Content note for mention of sexual assault
In 2004, when I was 20, I spent a month in Wales for a summer study program. Not long after I got back, my boyfriend of a few months proposed. We met in February, he was deployed in May, I left for Wales in June, and returned in July.

We got married on November 12, 20 years ago today, and shortly after that, moved to Oklahoma.
Originally, I was just going to move with him, and finish college in Connecticut. When we first discussed it in March or April, that’s where his orders were taking him next: Groton. We weren’t talking marriage, and marriage wasn’t on my mind. It wasn’t really something I had ever wanted.
People were concerned about me moving across country with a boyfriend I hardly knew. People called me stupid and naive, and I even lost a couple friends because I was “living in sin.”
When I got back from Wales, something had happened on his deployment and he could no longer go to Groton. His new orders were for Tinker Air Force Base in Oklahoma, several months after we were originally supposed to move.

He cried when I told him I would still go with him, holding me tightly as if he expected me to disappear. I figured I could start college in the spring semester instead of the fall. There would be universities in Oklahoma.
One night while we sat on the couch watching TV, he slipped a ring case out from behind a throw pillow, and showed me three diamonds set in platinum. He didn’t say anything, just put the ring— a little too big— on my finger and kissed me.

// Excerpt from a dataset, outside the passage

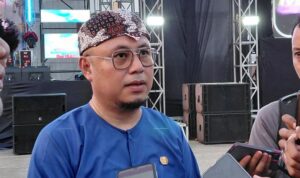 Kepala Dinas Pendidikan dan Kebudayaang Kabupaten Kutai Kartanegara, Heriansyah, saat di temui awak media, Jumat (25/9/2026).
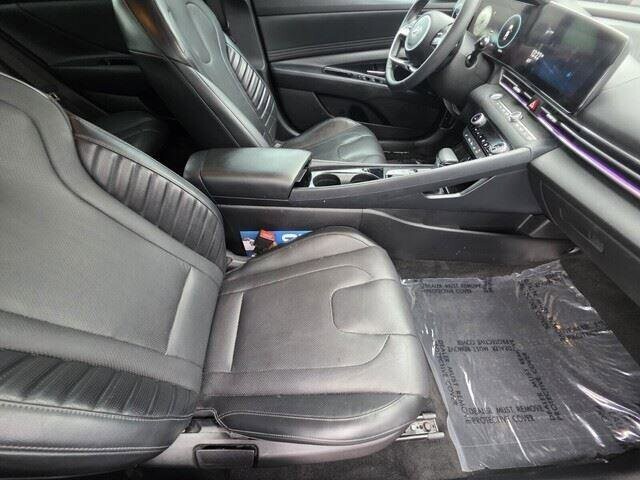 2021 Hyundai Elantra in Mesa, AZ 85212 - 18075832 30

I felt a tight knot in my stomach, ropes of anxiety and tentative pleasure at being chosen twisting around each other.
Now that I was getting married, people stopped calling me stupid and naive. Married to someone I hardly knew was okay, was smart, somehow.
The wedding was small; his family wasn’t there. I wore a red dress I’d had for a few years, and we purchased a new suit and a wedding band for him. My rings, I found out later, were purchased for the girlfriend before me.
I wore black lace lingerie on our wedding night. When I asked if he liked it, he laughed. A soft, low sound in his throat.
It reminded me of the way he laughed on our first date, when, in his apartment, I asked to go back to my car when I saw how late it was, of the way he laughed when I didn’t want to go to the bedroom, when I said I wasn’t ready, when I said “no” to unhearing ears.
It was the same laugh he used when he told his aunt and cousin that he couldn’t get rid of me, that he took me out for dinner and I just kept hanging around. The same laugh when he pretended to shove me on the stairs and caught me before I could fall. The same laugh every time he did something I asked him not to.
It was the laugh that told me I didn’t have a choice, so I may as well just do what he wanted.
My body, his choice. My life, his choice.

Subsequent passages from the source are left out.